After the lawsuit was filed, Burch says, a lawyer got an anonymous letter in the mail saying that "there are a bunch of other folks that are being cheated, too. This really should be a class action."

"There's been some scuttlebutt in the [Metro] office about, 'Why can't we get help, too? It's happening to us,'" Burch says. "Everything is coming from [Metro's downtown headquarters], that's where I'm hearing it from, in terms of workers I've talked to directly. There's rumors that out in the bus shed, there are problems out there also."

So the lawsuit was amended last week to bring in collective action allegations.

If the case makes it to trial, Burch says he'll have no problem rounding up evidence on the hours Sellars and Cormier worked. They worked in an area that was videotaped.

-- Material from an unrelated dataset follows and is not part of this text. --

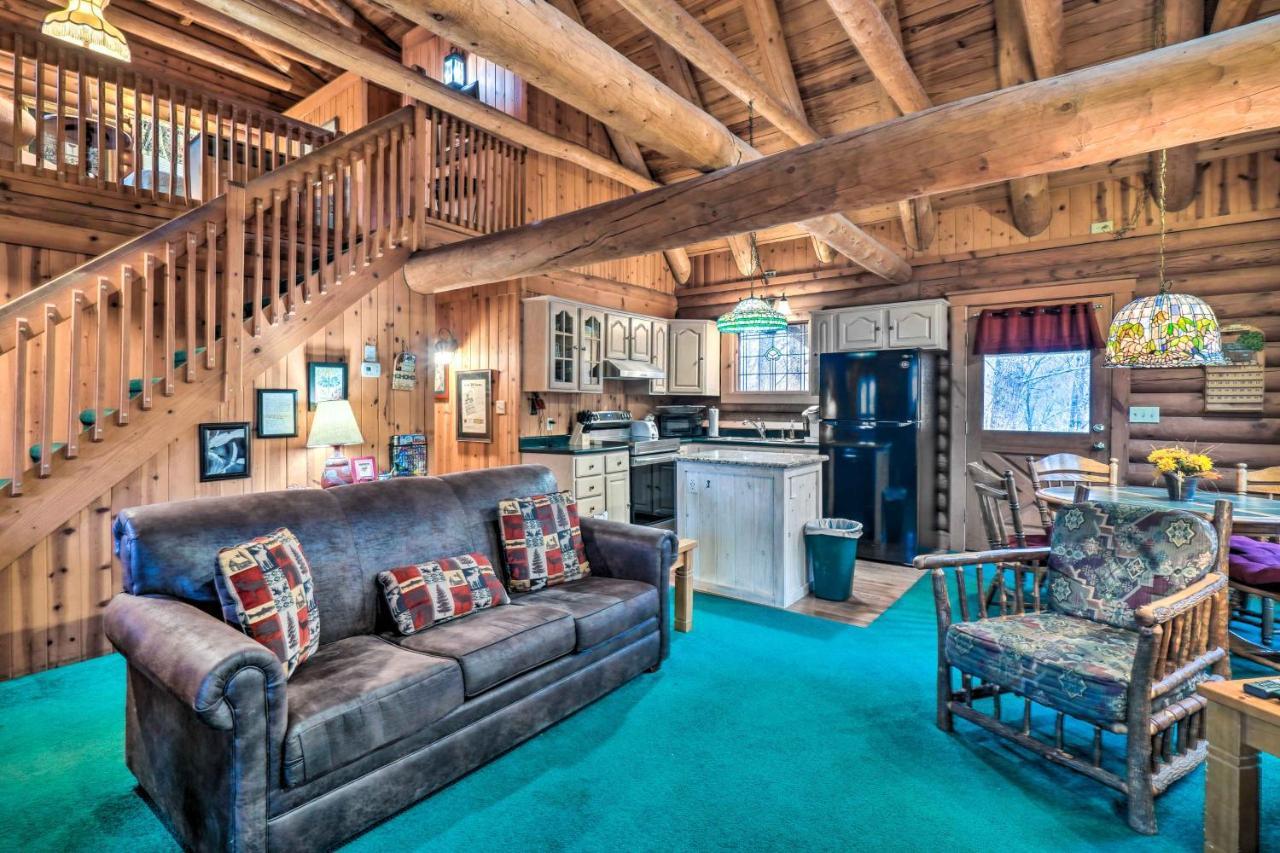 Casa vacanze Log With Hot Tub And Mountain Views!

Burch says,"In terms of proving they were doing more work than they were paid for, this case is going to be a lay down."

Metro spokeswoman Raequel Roberts sent us Metro's comment on the lawsuit: "Metro has complied and intends to comply with the Fair Labor Standards Act. We were just served with an amended complaint making allegations under the FLSA and we are looking into the matter."